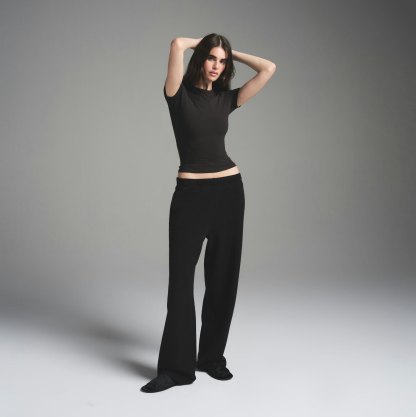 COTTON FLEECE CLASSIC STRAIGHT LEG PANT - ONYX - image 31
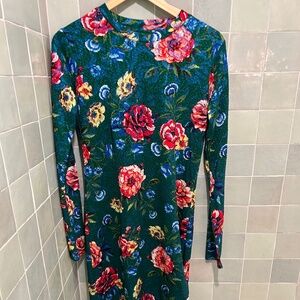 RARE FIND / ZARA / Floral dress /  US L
--
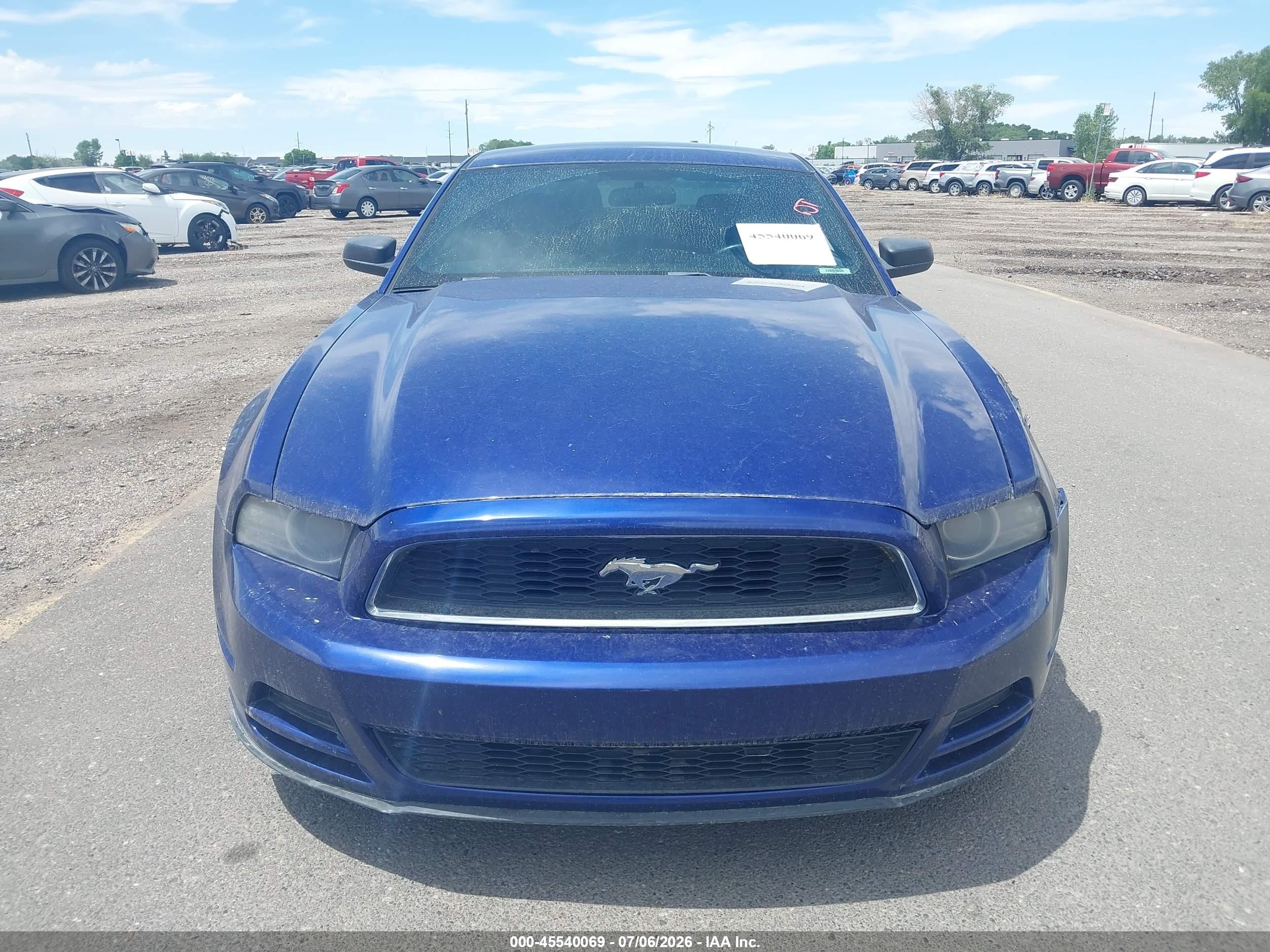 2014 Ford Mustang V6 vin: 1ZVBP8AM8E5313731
...
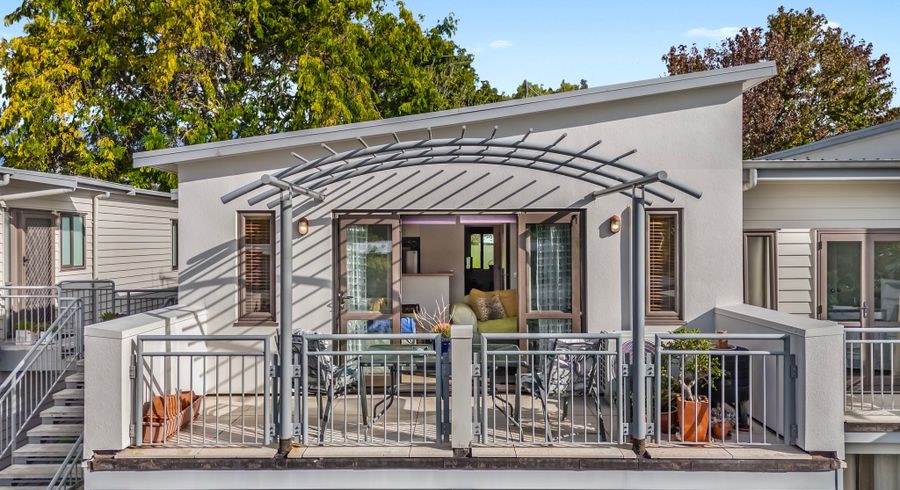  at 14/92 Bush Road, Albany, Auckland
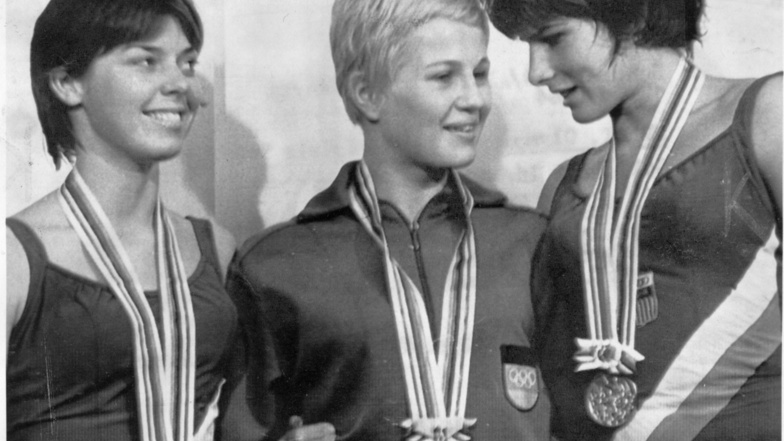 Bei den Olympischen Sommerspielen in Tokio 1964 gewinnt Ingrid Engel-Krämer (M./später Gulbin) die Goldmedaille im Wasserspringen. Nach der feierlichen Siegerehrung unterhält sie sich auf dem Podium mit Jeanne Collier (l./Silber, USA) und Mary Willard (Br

### Exercise directions:
Copy out the listing above from the line containing "COTTON FLEECE CLASSIC" to the line containing "RARE FIND /", both included, exactly as written and minus the images.

### Solution below:
 COTTON FLEECE CLASSIC STRAIGHT LEG PANT - ONYX - image 31
 RARE FIND / ZARA / Floral dress /  US L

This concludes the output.